During a recent conversation with an acquaintance, we discussed the concept of seeing the ordinary as if it were extraordinary. She commented, “If we could do that, imagine the joyfulness in the world!” I try observing the world through this lens and some days I catch a glimpse of the extraordinary elements of my life. Let me offer examples of this joyousness and its synchronous nature.
I listen to a wonderful little radio station, CKUA. When I get in the car, it is on and I usually pay at least superficial attention to the songs. I love Blues, Soul, and Gospel music and on three particular mornings I was welcomed into my car by great music. On Thursday, Lead Belly sang Grey Goose; on Friday Nina Simone sang Feeling Good; and on Saturday, Commander Cody and the Lost Planet Airmen sang Oh, Mama, Mama. I confess I was not feeling upbeat Friday when Nina Simone came on, but I was aware of the generous message and found space to feel better. Each song appealed to me and seemed to sooth a restless and weary soul.
Saturday morning I met with three friends and, during the conversation, we talked about my blog. One person commented it seemed two different people wrote at times. I pointed out some postings are academic and fit with my doctoral journey. When I write about a need for Eloquent Questions in Education, my voice is, hopefully, more scholarly. When I share about a paralyzing fear of heights in Images to Provoke Thoughts, I try to personalize and humanize the self, Ivon, who writes, but my complexity is revealed. I explained Kathy proofreads and edits many postings.

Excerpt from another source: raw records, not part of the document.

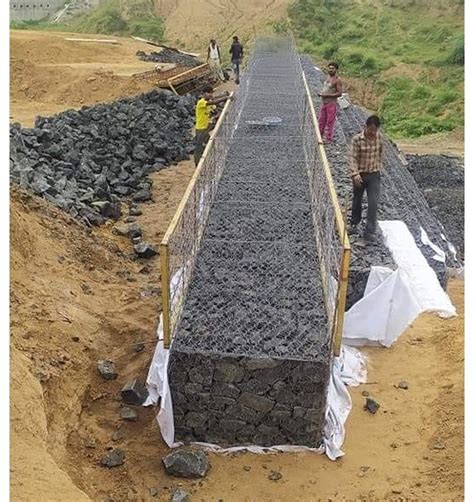 Gabion Wall Construction Services at Rs 110/piece | Gabion Wall in ...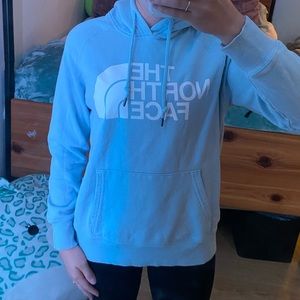 Blue north face sweat shirt!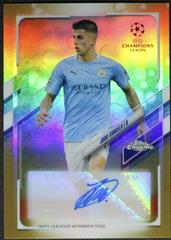 Joao Cancelo [Gold Bubbles Refractor] Soccer Cards 2020 Topps Chrome UEFA Champions League Autographs Prices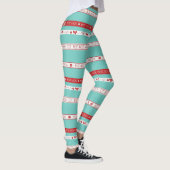 Retro Pop Art Beste Moeder Liefde Patroon Leggings (Rechts)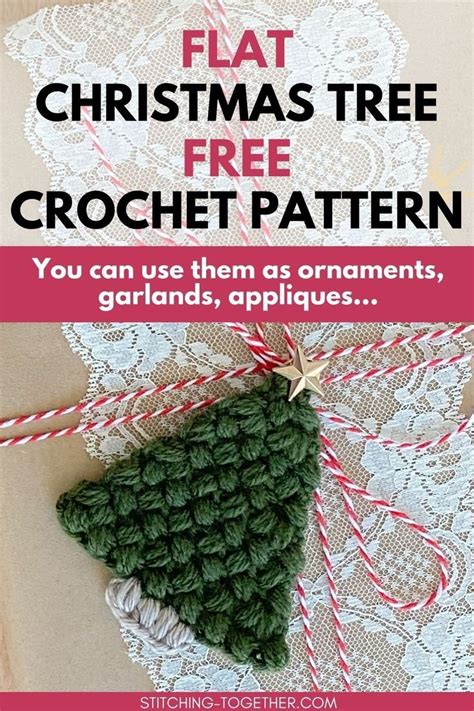 Graphic Reading Flat Christmas Tree Free Crochet Pattern With A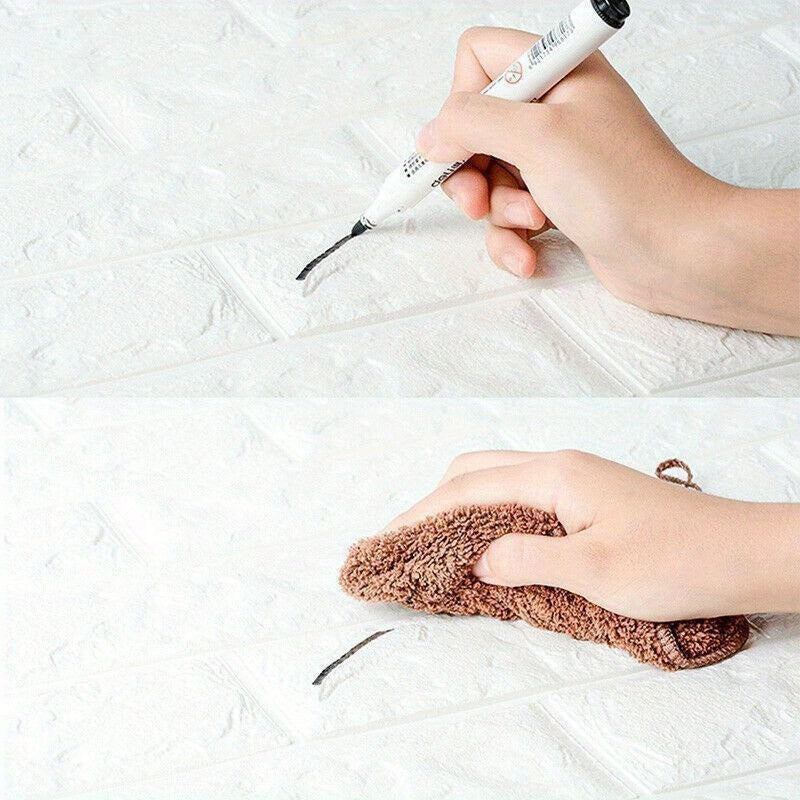 Set of 40/50/60pcs 3D Foam Brick Pattern Wallpaper Waterproof Wall Decor for Bedroom Living Room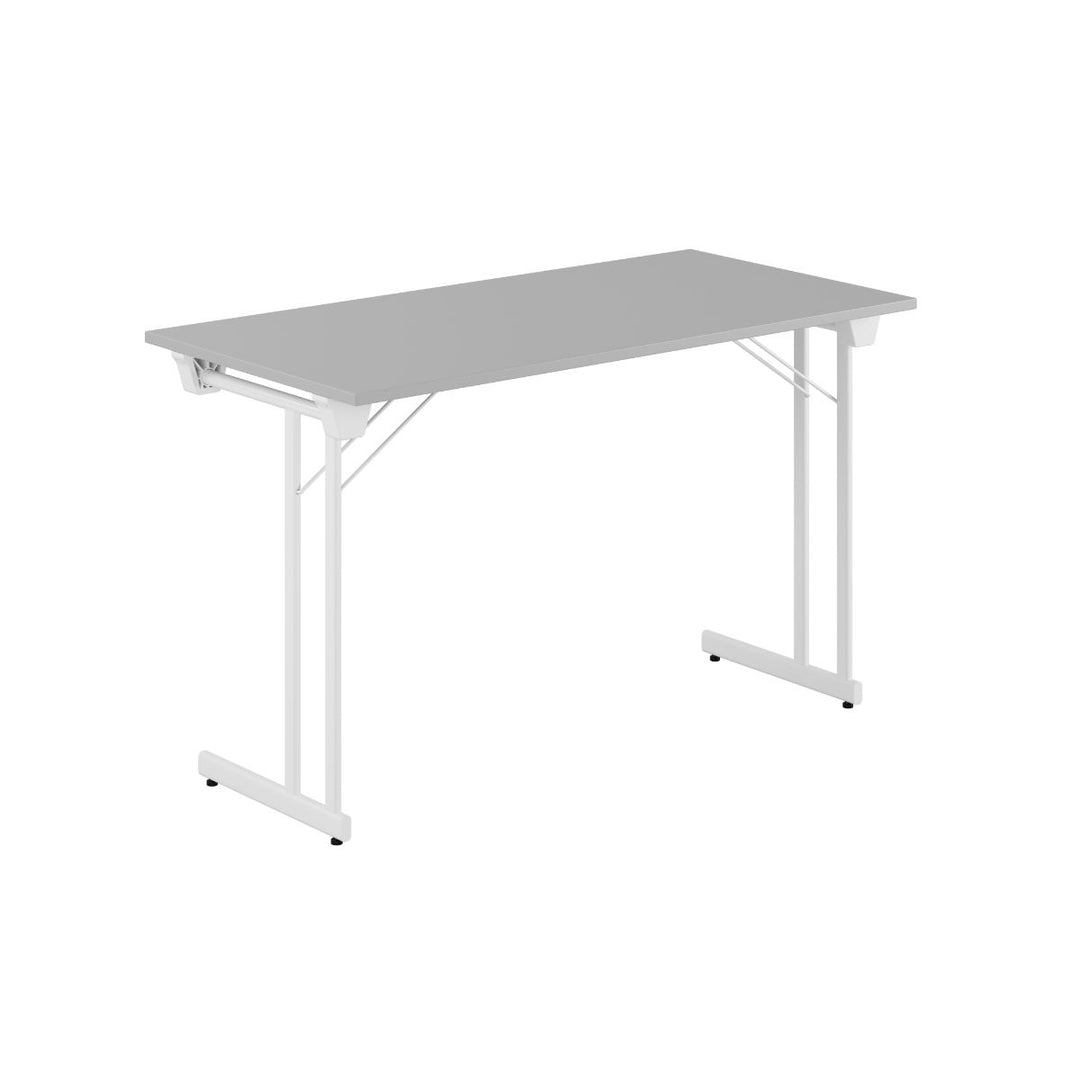 Produktbillede af Kongress Style 120x60cm Sammenklappeligt bord Grå-hvid på tilbud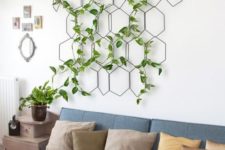 06 make your own indoor trellis to display climbing plants anywhere you want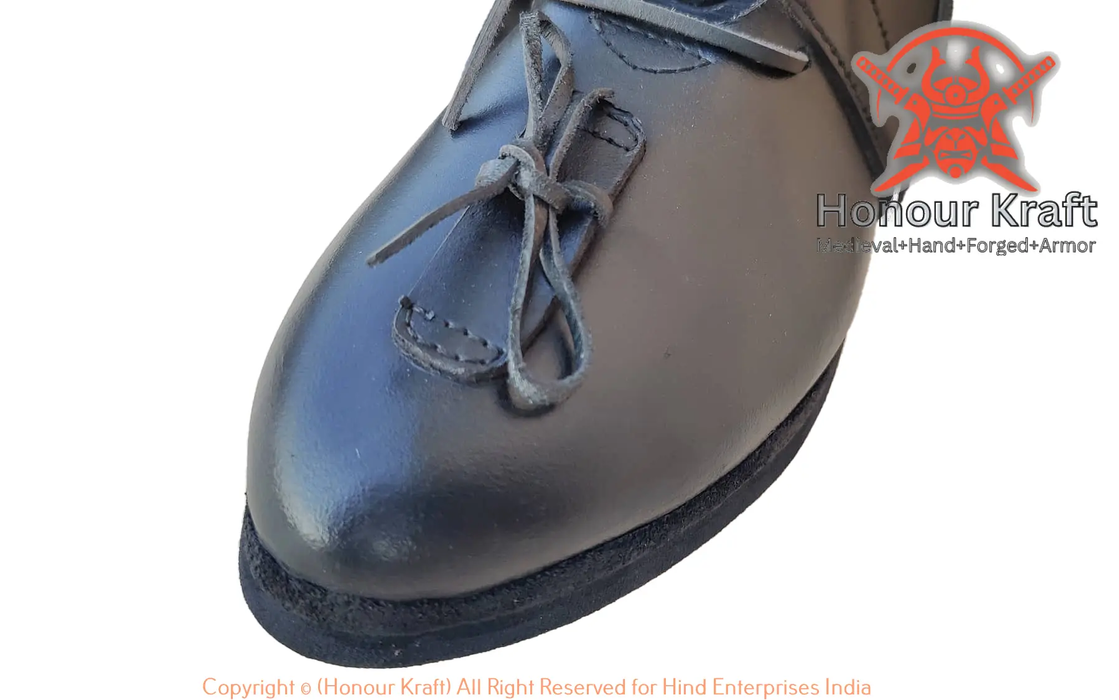 reinforced leather boots for medieval mma fighting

She does an amazing job of cleaning up conventions and keeping the message on track. I am challenged to acknowledge and express my gratefulness, as well as I should.
Frequently, I take for granted both the complexity of my self and who I am, and the important, sustaining relationships in my life, rendering them ordinary. Both are extraordinary and help me observe and understand the self when I contemplate, “Who is the self that teaches?” Parker Palmer offered this question and I try to extend it further to ask, “Who is the self that lives this life?” I think these are critical questions because, without self-awareness, what possibility of transformation exists? I follow Cooperative Catalyst and they posted Why Transformation May Hit a Snag: Observations from the Field. Two questions emerged from the article for me, both about self-awareness. First, what am I doing to transform my self? Second, what values guide this transformational process? Gandhi proposed, “Be the change you want to see in the world.” Being aware and present to my self and those who matter most in my life are essential steps. Some days are better than others and the ordinary becomes extraordinary.